To ja jeszcze sobie pozwolę nieco o moich doświadczeniach z dyfuzorami, skoro to pierwszy post o CO2 na nowym forum a trzeba brać się ostro za odbudowanie zasobów wiedzy...
Generalnie urządzenia do rozpuszczania CO2 można podzielić na 3 ogólne kategorie:
- Atomizery wewnętrzne (montowane w zbiorniku)
- Atomizery narurowe (montowane na rurze np. filtra kubełkowego)
- Reaktory
Każde z tych urządzeń ma jedno zadanie - rozpuścić CO2 w wodzie. Realizują to na różne sposoby - poprzez mieszanie CO2 z wodą, poprzez wydłużanie czasu kontaktu gazu z płynem, oraz poprzez rozbijanie pęcherzyków gazu do jak najdrobniejszej formy, co zwiększa powierzchnię styku i ułatwia rozpuszczenie.
Najprostszy i najbardziej rozpoznawalny typ to atomizery wewnętrzne - takie w kształcie "fajki". Montuje się je na końcu rurki doprowadzającej CO2 i posiadają one najczęściej spiek ceramiczny, mający za zadanie rozbijanie gazu na drobne bąbelki. Ich zaletą jest prostota, wadą konieczność umieszczenia w zbiorniku kolejnego sztucznego elementu. Są też najmniej skuteczne - przy tego typu atomizerach straty CO2 są największe (sporo gazu ulatnia się do atmosfery zanim ulegnie rozpuszczeniu). Efektem działania atomizerów wewnętrznych jest masa pęcherzyków unoszących się w toni, co wielu osobom może przeszkadzać (osobiście bardzo tego nie lubię).
Akwaryści kierując się względami estetycznymi często wybierają wewnętrzne atomizery szklane. Moim zdaniem nie jest to najszczęśliwsza decyzja. Co prawda są ładne, ale za to łatwe do uszkodzenia, spiek najczęściej jest niewymienny a jakość produkowanych pęcherzyków (ich rozmiar) nader często pozostawia wiele do życzenia. Każdy atomizer dość szybko się brudzi (głównie spiek) i cały estetyczny efekt tracimy, zwłaszcza jeśli spiek jest niewymienny.
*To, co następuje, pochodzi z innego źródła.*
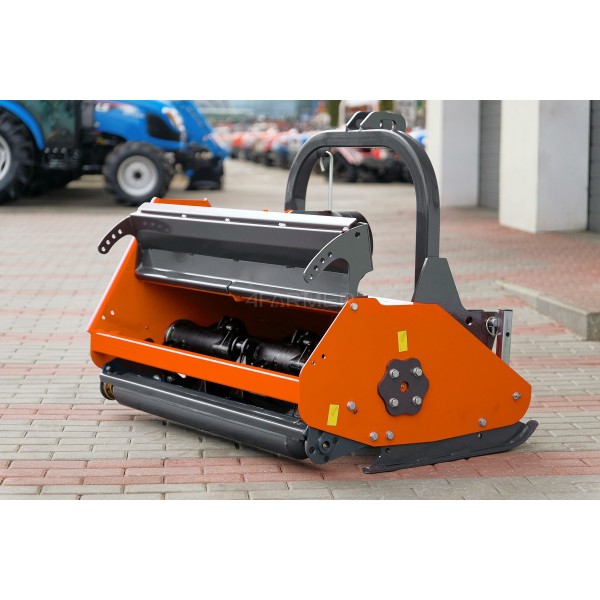 Desbrozadora de martillos profesional EFGC 115D (naranja) 4FARMER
Ogólnie trzeba pamiętać, że spieki nie są wieczne - po jakimś czasie tracą parametry i zaczynają źle atomizować gaz. W takim przypadku czeka nas wymiana całego atomizera, skoro spiek jest z nim zintegrowany na stałe.
Lepszy rozwiązaniem są atomizery akrylowe. Z doświadczenia polecam atomizery NEO (Aquario NEO albo Twinstar na tym samym spieku). To są takie specyficznie wyglądające atomizery - spiek z włókien ceramicznych ma czerwono-brązowy kolor. Proste, stosunkowo niedrogie, dają super drobne bąbelki, a akryl jest mniej podatny na uszkodzenia niż szkło. Fajne są też dyfuzory akrylowe typu 3w1 (ma je w ofercie np. ISTA i Tropica). Te dyfuzory mają wymienny spiek doskonałej jakości, zintegrowany licznik bąbelków i zawór przeciwzwrotny. Są kompaktowe i bardzo wygodne w użyciu.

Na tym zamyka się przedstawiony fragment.